Driftmaster t bar rod holders. Easily adjust to keep tips close to water. Any other good options for less money? 10' trolling rods and reels. I need 10 to start with. $50 a pop is another $500. What's my best cheapest set up? Bought a used minkota trolling motor. It has the controller on the bracelet or necklace. Need 2 batteries for it and a new one for the boat. What brand? The cost range is insane on these batteries.  Last question is 2 bank or 3 bank charger? It's just an old v hull tracker 16' with a 70 hp motor. 1 crank battery and 2 for the trolling motor. Does brand of charger matter? Gonna go broke!


----------



## Forkhorn (Jan 3, 2016)

Used to know a guy that made rod holders out of re-bar & angle iron. Had 1 on my old boat (maybe DIY if you have the know-how and tools?). I also made some cheap rod holders out of cut PVC pipe screwed to the gunwales of my jon boat that did ok, too. 
Looking for low cost batteries - give Moreland Battery Exchange a try (a bit of a drive from you, but they have great prices on their batteries).


----------



## klerchkatcher (Jan 3, 2016)

I don't have these rod holders but he is in Georgia and the prices are not too bad.
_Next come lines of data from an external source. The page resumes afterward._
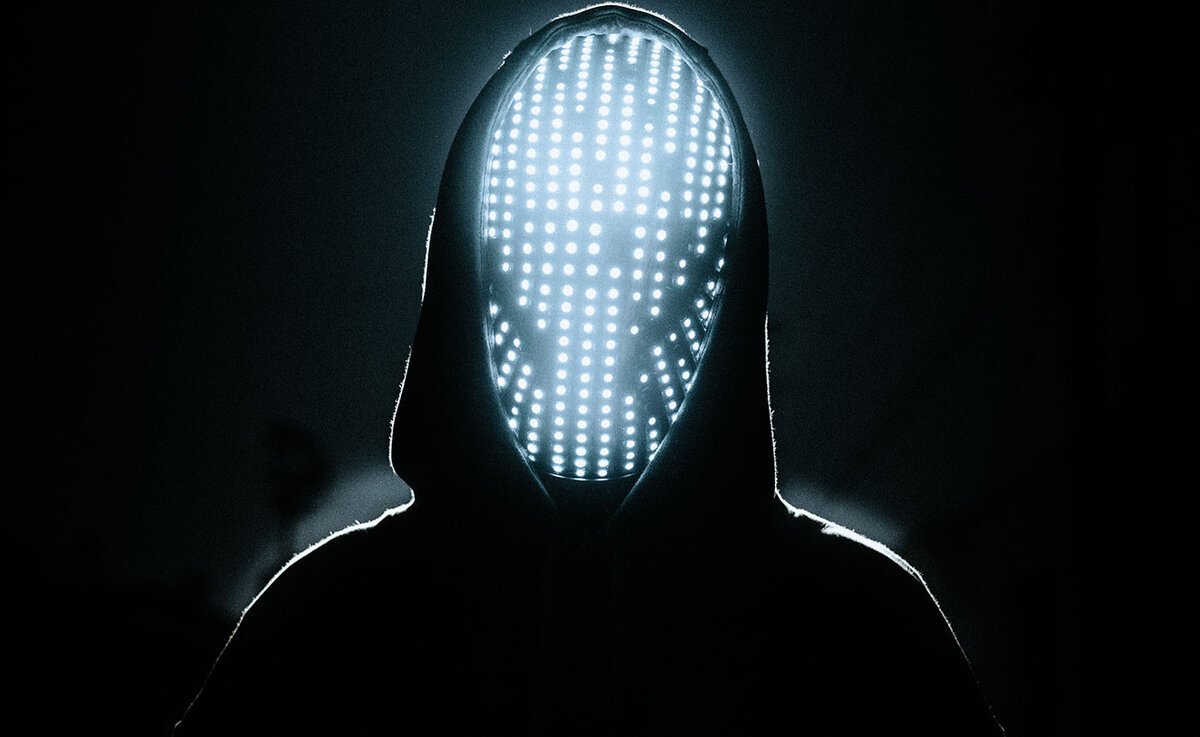 Hooded figure facing the camera with a face covered by a glowing grid of white LED lights against a black background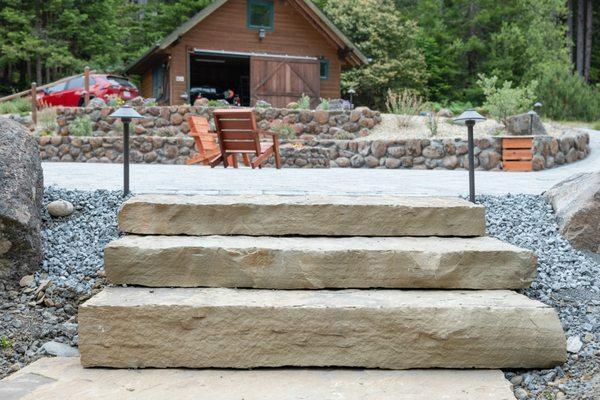 Natural stone stairs, pavers, fire pit and retaining wall in Jenner CA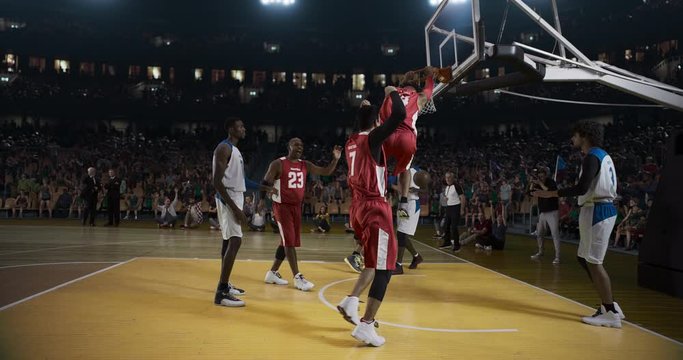 Basketball player scores a goal with splashes and flames animation on a professional basketball stadium. Stadium is made in 3d with animated crowd.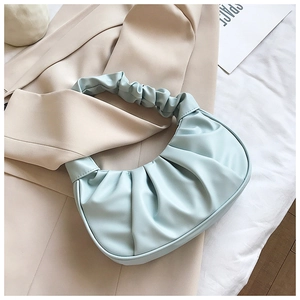 Close-up of pleated mint blue cloud bag detail on beige suit and white fabric background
http://www.hillsrodholders.com/index.php


----------



## centerpin fan (Jan 3, 2016)

Bob2010 said:


> Driftmaster t bar rod holders. Easily adjust to keep tips close to water. Any other good options for less money? 10' trolling rods and reels. I need 10 to start with. $50 a pop is another $500. What's my best cheapest set up?



Contrary to popular belief, you don't need a 10-rod trolling set up to catch crappie.  I just use one rod to cast jigs.  It's been working for me for the last forty years.

Just throwing that option out there ...


----------



## Hotwater (Jan 4, 2016)

These are what I use.  They are made in Ga. 

http://www.eztpoleperch.com/fishing-rod-holders-and-clamp-mounts.html


----------



## pic217 (Jan 4, 2016)

I have had good luck with Dual Pro chargers. I have been using them for 25 years. I leave mine plugged in all the time. Here is a good one to consider.

http://www.amazon.com/Dual-Recreati..._UL160_SR160,160_&refRID=1RKNTBHMQ1KAGESGYV9S


----------



## Ben (Jan 4, 2016)

I just ordered these a couple days ago. I have no idea of the quality. I be glad to update you when they arrive this week. 

http://m.ebay.com/itm/4-CRAPPIE-ROD...-JIGGING-OR-TROLLING-/272091079836?nav=SEARCH


----------



## EverGreen1231 (Jan 4, 2016)

centerpin fan said:


> Contrary to popular belief, you don't need a 10-rod trolling set up to catch crappie.  I just use one rod to cast jigs.  It's been working for me for the last forty years.
> 
> Just throwing that option out there ...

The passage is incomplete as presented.